Train graph neural nets for millions of proteins on Amazon SageMaker and Amazon DocumentDB (with MongoDB compatibility)

There are over 180,000 unique proteins with 3D structures determined, with tens of thousands new structures resolved every year. This is only a small fraction of the 200 million known proteins with distinctive sequences. Recent deep learning algorithms such as AlphaFold can accurately predict 3D structures of proteins using their sequences, which help scale the protein 3D structure data to the millions. Graph neural network (GNN) has emerged as an effective deep learning approach to extract information from protein structures, which can be represented by graphs of amino acid residues. Individual protein graphs usually contain a few hundred nodes, which is manageable in size. Tens of thousands of protein graphs can be easily stored in serialized data structures such as TFrecord for training GNNs. However, training GNN on millions of protein structures is challenging. Data serialization isn’t scalable to millions of protein structures because it requires loading the entire terabyte-scale dataset into memory.

In this post, we introduce a scalable deep learning solution that allows you to train GNNs on millions of proteins stored in Amazon DocumentDB (with MongoDB compatibility) using Amazon SageMaker.

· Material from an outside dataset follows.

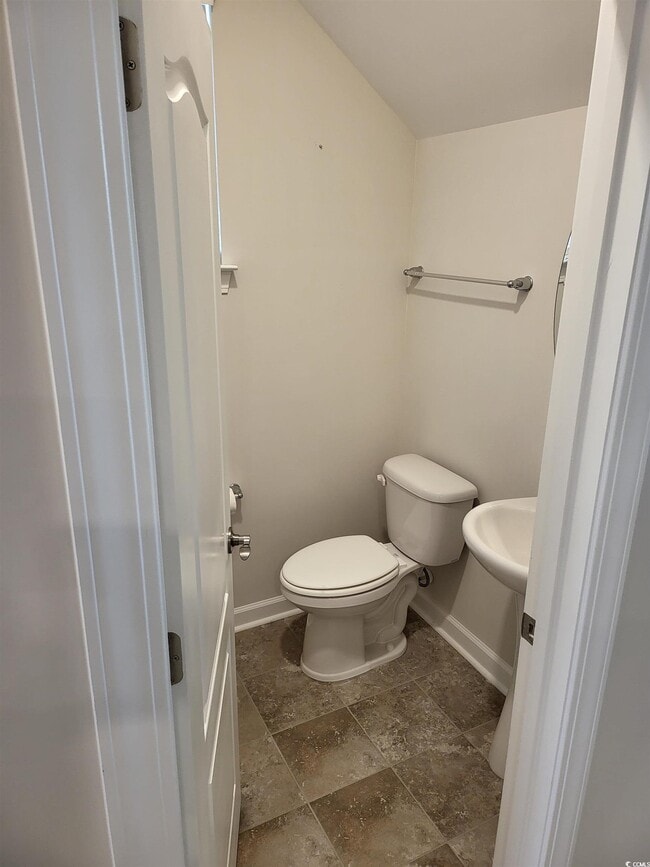 Photo - 236 Goldenrod Cir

For illustrative purposes, we use publicly available experimentally determined protein structures from the Protein Data Bank and computationally predicted protein structures from the AlphaFold Protein Structure Database. The machine learning (ML) problem is to develop a discriminator GNN model to distinguish between experimental and predicted structures based on protein graphs constructed from their 3D structures.

Overview of solution

We first parse the protein structures into JSON records with multiple types of data structures, such as an n-dimensional array and nested object, to store the proteins’ atomic coordinates, properties, and identifiers. Storing a JSON record for a protein’s structure takes 45 KB on average; we project storing 100 million proteins would take around 4.2 TB. Amazon DocumentDB storage automatically scales with the data in your cluster volume in 10 GB increments, up to 64 TB. Therefore, the support for JSON data structure and scalability makes Amazon DocumentDB a natural choice.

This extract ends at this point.